*WORK TO COMPLETE*: Copy, with no pictures, the line that contains "Manipulate My Heart page 7" and each line after it down to the end of the entries below, exactly.

Top of RECORDS SUPPLIED

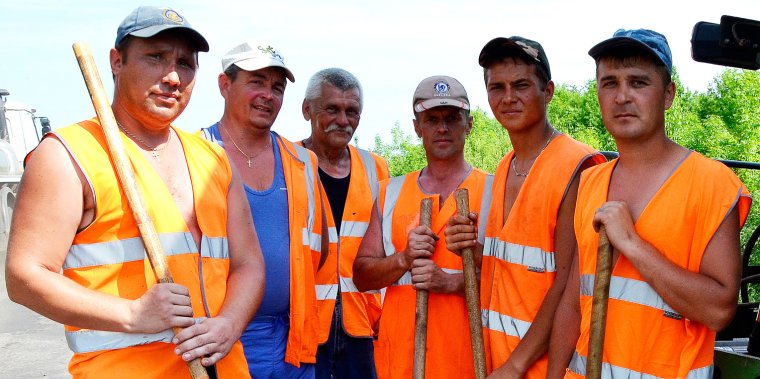 Бригада дорожных рабочих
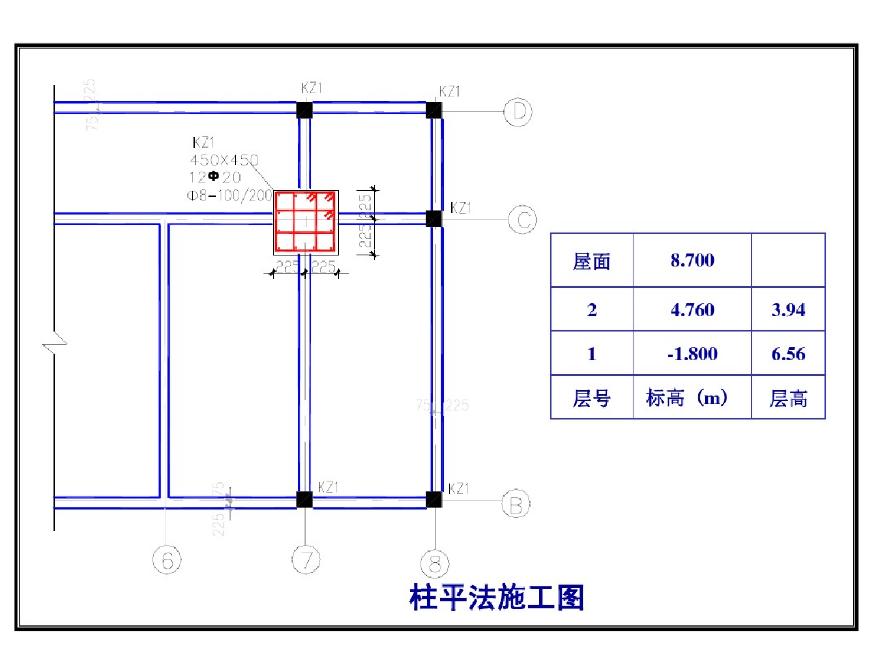 （柱、梁、板）钢筋工程量计算讲义-图二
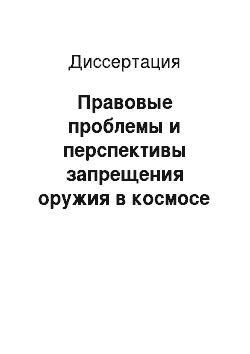 Диссертация: Правовые проблемы и перспективы запрещения оружия в космосе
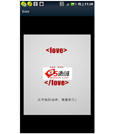 Android例子源码倒计时图片浏览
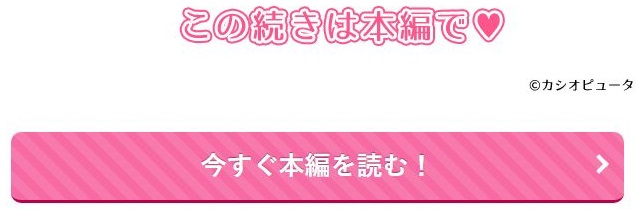 【5回絶頂】自慰してたら嫉妬深い彼氏にバレてしまった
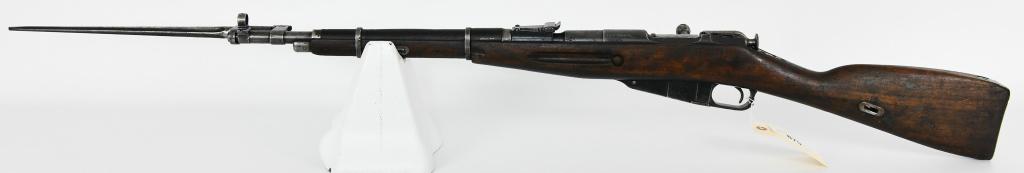 Chinese Type 53 Mosin Nagant Carbine 1955: Up Next We have a Surplus Chinese Type 53 Carbine Bolt Action Rifle Chambered in 7.62x54R Comes With Folding Bayonet, Dated 1955. The Type 53 is a copy of the famous Russian M44 carbine, and like its 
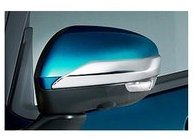 DAIHATSU THOR　ダイハツ トール【M900S M910S】　ドアミラーガーニッシュ【メッキ】[08400-K1040]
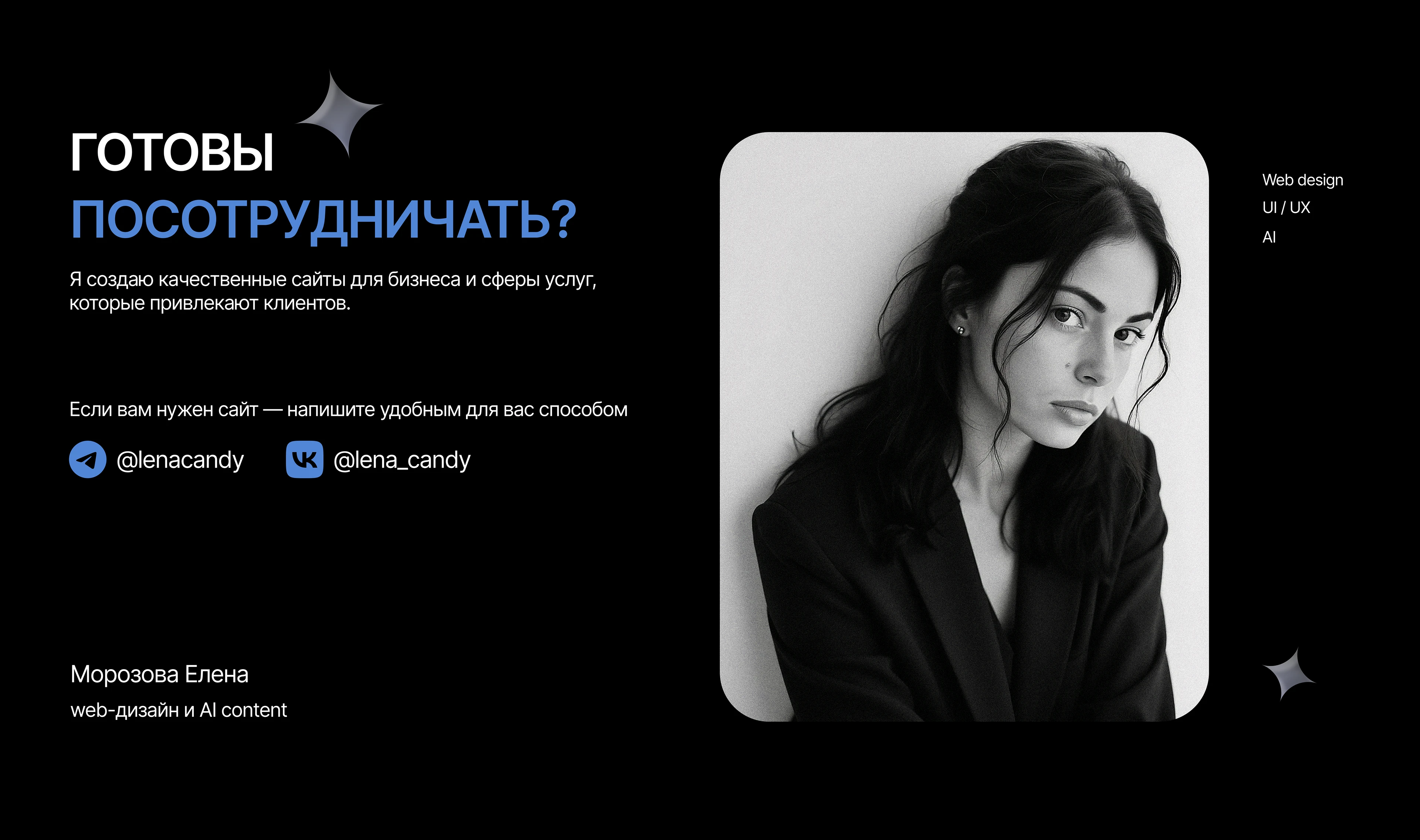 Сайт для психолога — Изображение №2 — Интерфейсы, Брендинг на Dprofile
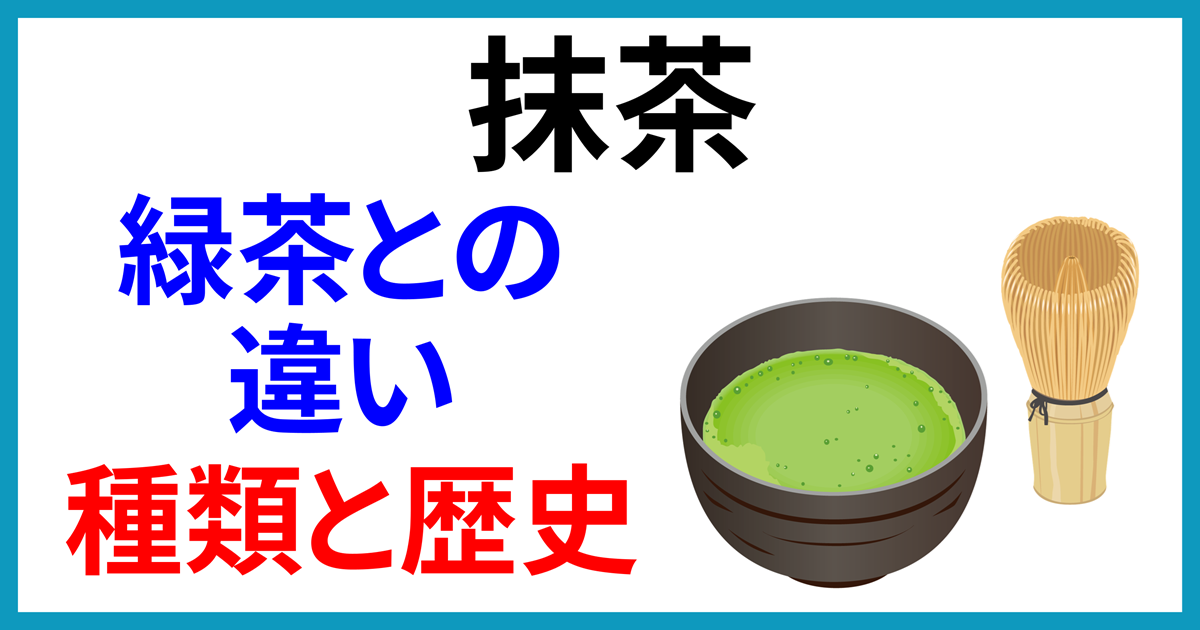 抹茶と緑茶の違いを解説するアイキャッチ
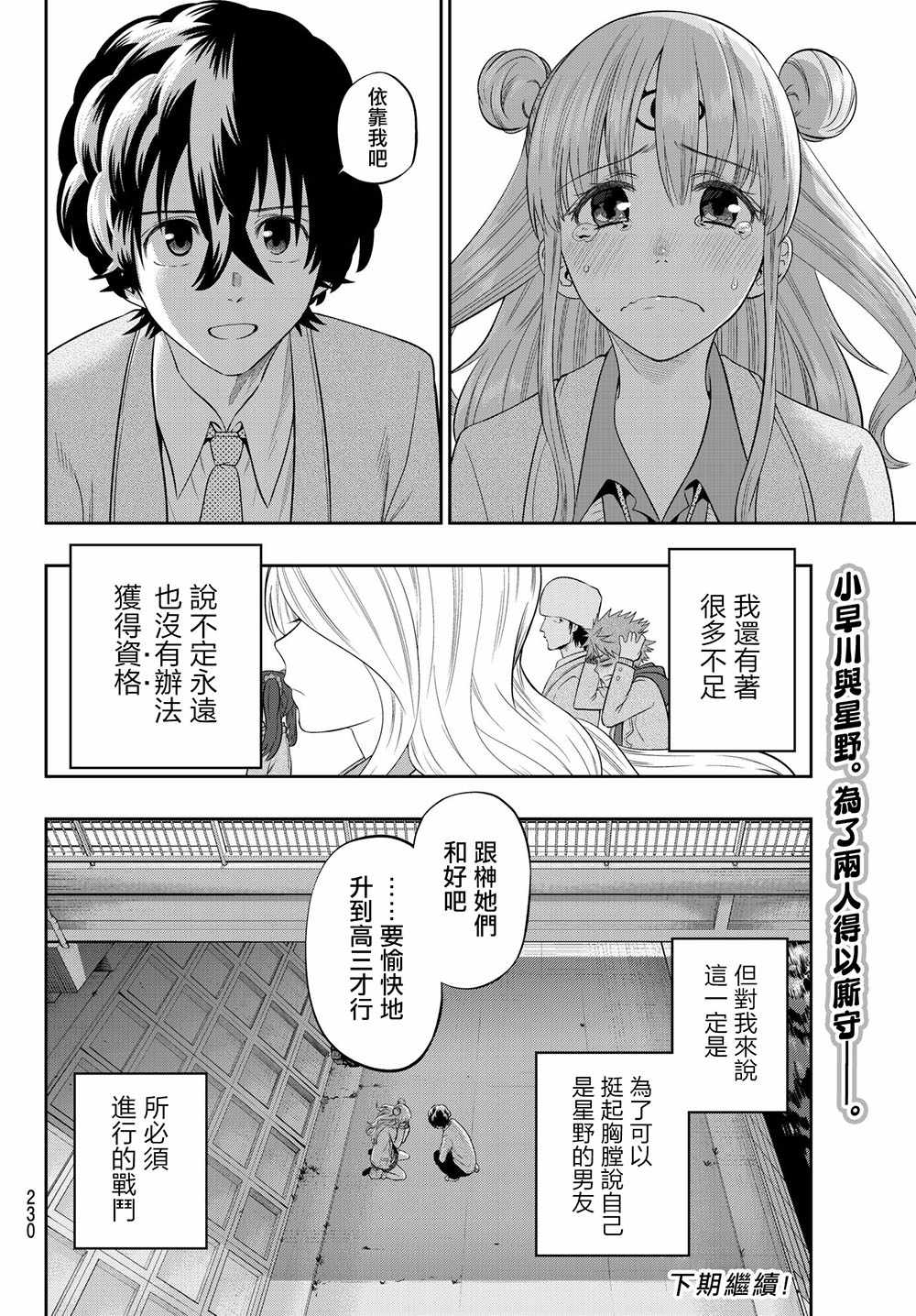 《星野、闭上眼。》漫画最新章节第91话免费下拉式在线观看章节第【25】张图片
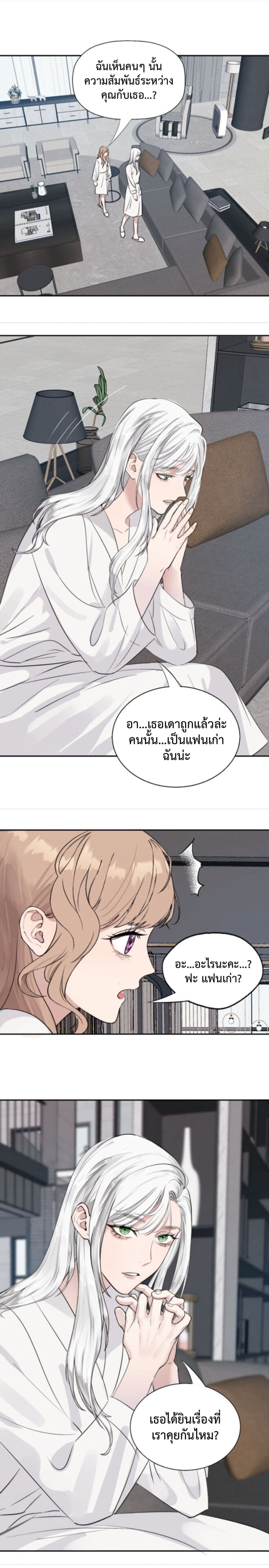 Manipulate My Heart page 7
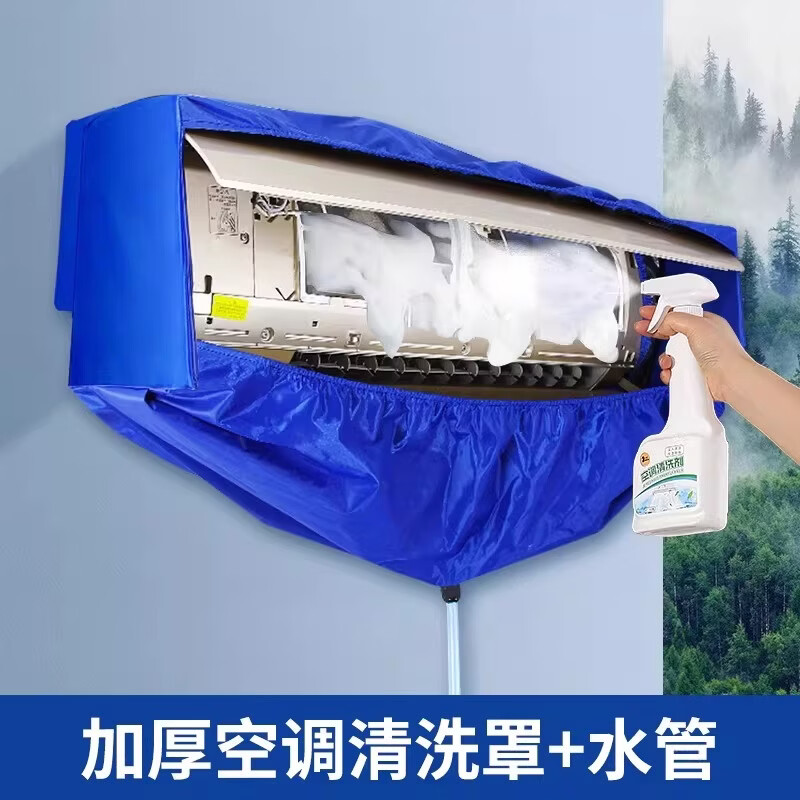 也佳特大号空调清洗罩接水罩挂机清洗剂清洁剂清洁套装工具全套神器130cm以下通用 加厚空调清洗罩+水管 特大号U型蓝色1-3匹130CM以下通用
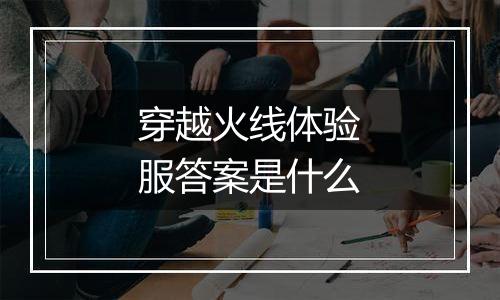 穿越火线体验服答案是什么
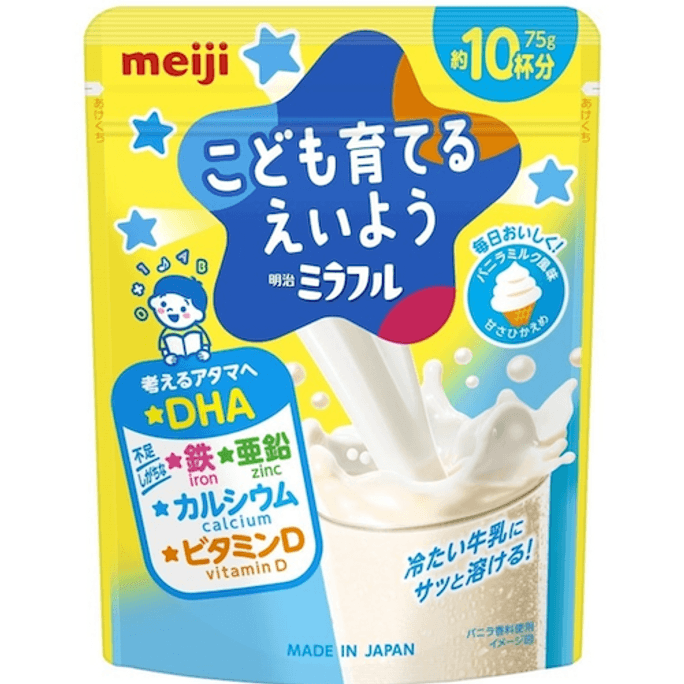 MEIJI Children's Growth Containing Iron Calcium Zinc and DHA Brewed Nutritional Powder Vanilla Milk Flavor 75g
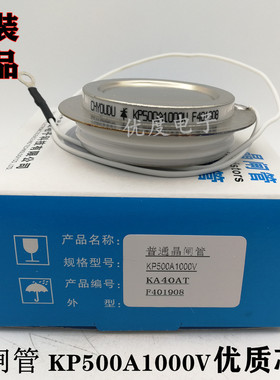 普通晶闸管 KP500A1000V(凸) KP500A-10 KP500-10 KP500A/1000V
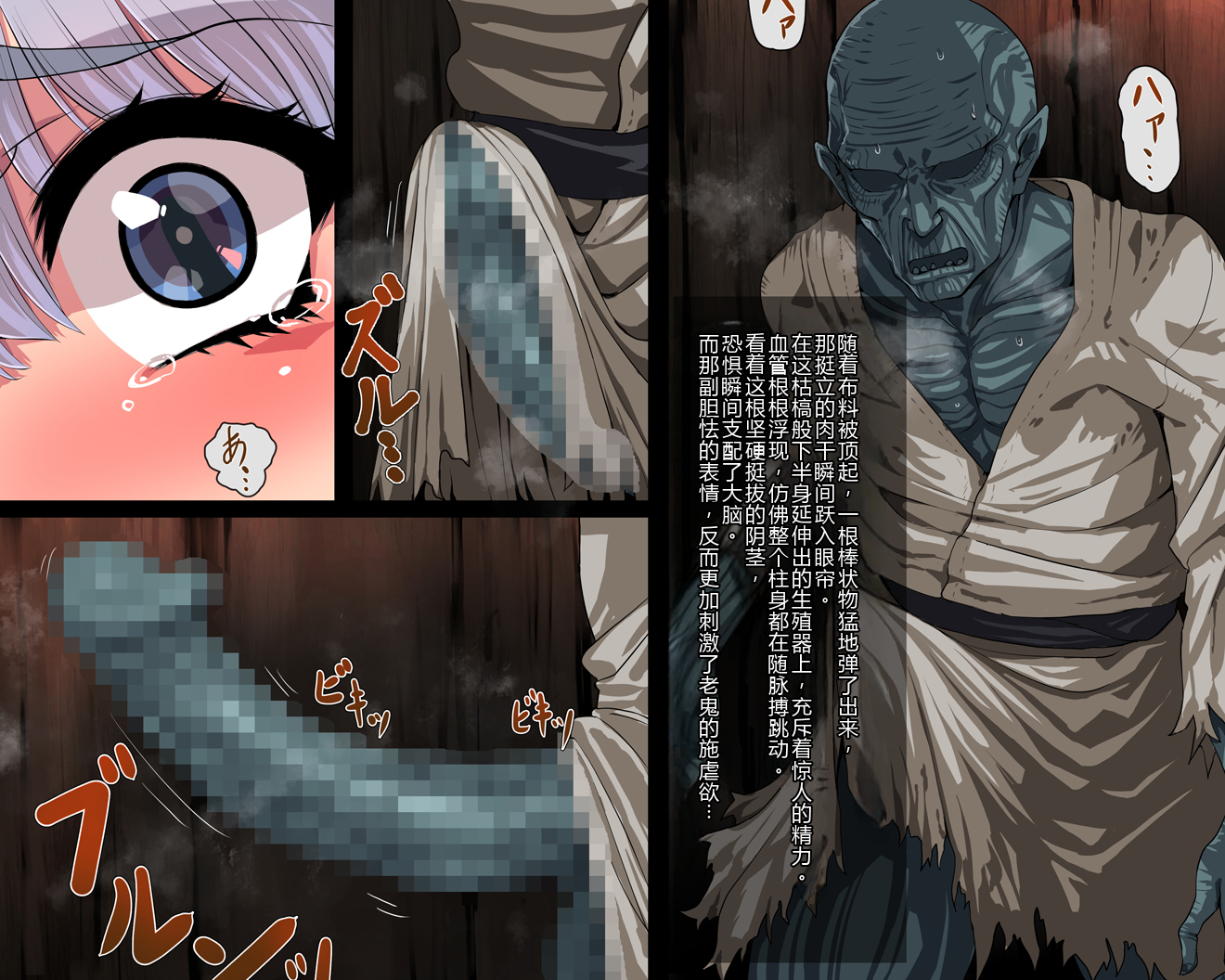 [Oninoe] Tomoshibi Yurete [Chinese] [个人机翻润色] - Page 13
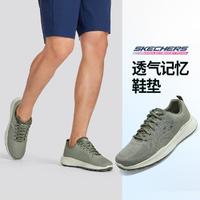 SKECHERS 斯凯奇 男鞋运动鞋运动休闲鞋低帮春夏季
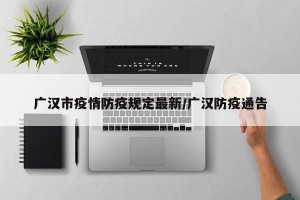广汉市疫情防疫规定最新/广汉防疫通告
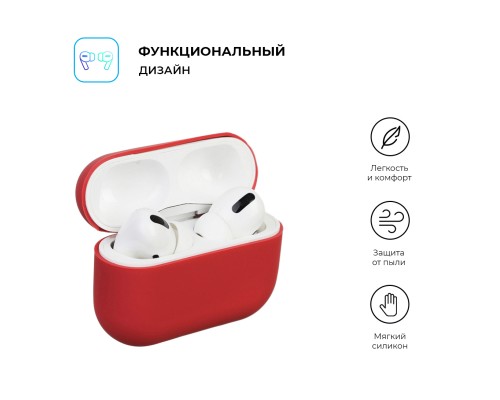 Чохол для навушників Armorstandart Ultrathin Silicone Case для Apple AirPods Pro Pale Mauve (ARM55954)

Bottom of RECORDS SUPPLIED

*EXERCISE ANSWER*:
 Manipulate My Heart page 7
 也佳特大号空调清洗罩接水罩挂机清洗剂清洁剂清洁套装工具全套神器130cm以下通用 加厚空调清洗罩+水管 特大号U型蓝色1-3匹130CM以下通用
 穿越火线体验服答案是什么
 MEIJI Children's Growth Containing Iron Calcium Zinc and DHA Brewed Nutritional Powder Vanilla Milk Flavor 75g
 普通晶闸管 KP500A1000V(凸) KP500A-10 KP500-10 KP500A/1000V
 [Oninoe] Tomoshibi Yurete [Chinese] [个人机翻润色] - Page 13
 SKECHERS 斯凯奇 男鞋运动鞋运动休闲鞋低帮春夏季
广汉市疫情防疫规定最新/广汉防疫通告
 Чохол для навушників Armorstandart Ultrathin Silicone Case для Apple AirPods Pro Pale Mauve (ARM55954)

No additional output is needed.